On 3 August 2025, he was runner-up at the 2025 USA Outdoor Track and Field Championships in Eugene, Oregon, behind Ja'Kobe Tharp. He set a meeting record to win at the 2025 Kamila Skolimowska Memorial, in Poland, in the 110 metres hurdles on 16 August. He dipped below 13 seconds again to win in 12.98 (0.3 m/s) at the 2025 Athletissima event in Lausanne in wet conditions. He ran 12.92 seconds (+0.3) for the 110 metres hurdles at the Diamond League Final in Zurich on 28 August to equal the meeting record that was set in 1989.

He won the gold medal over 110 metres hurdles at the 2025 World Athletics Championships in Tokyo, Japan, winning with a time of 12.99 seconds (-0.3) in the final.

===2026: American champion===
On 1 February 2026, he won the 60 metres hurdles at the Millrose Games, but suggested afterwards he was thinking about pursuing long jump for the remainder of the indoor season. In his first long jump competition since December 2024, Tinch moved to third on the world-list with 8.29 m at the Tyson Invitational in Fayetteville, Arkansas on 13 February 2026. Tinch competed in the long jump at the 2026 USA Indoor Track and Field Championships in New York, placing sixth overall.

After transitioning back to the hurdles for the outdoor season, Tinch placed second to Jamal Britt in 13.10 seconds at the 2026 Shanghai Diamond League. On 19 June, he won the 110 metres hurdles ahead of Asier Martinez and Thomas Wilkes at the 2026 Doha Diamond League. On 4 July, Tinch ran 13.07 seconds for fourth at the 2026 Prefontaine Classic.

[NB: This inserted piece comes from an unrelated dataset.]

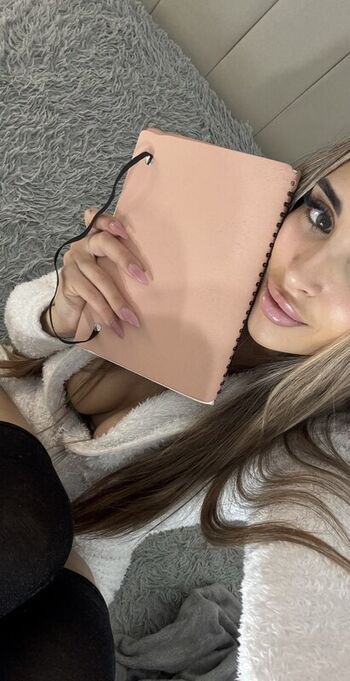Full leaked Saramz private photo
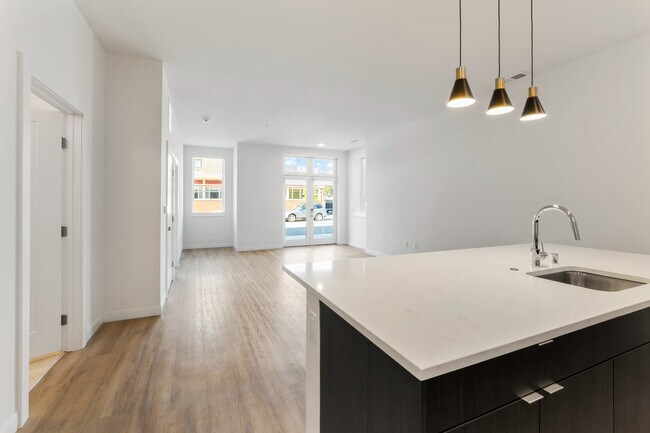 Photo - 5945 6th Ave Unit 116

On 23 July 2026, Tinch placed fourth with 7.94m in the long jump at the 2026 USA Outdoor Track and Field Championships in New York. Later that weekend, Tinch won his first American championship title in the 110 m hurdles, finishing in 13.00 seconds, four-thousandths of a second ahead of Bradley Franklin, who was credited with the same time. On 11 September, he placed second in the final at the inaugural World Ultimate Championship in Budapest, running a season's best 12.95 seconds and finishing part of an American one-two-three with winner Ja'Kobe Tharp and third-place athlete Bradley Franklin.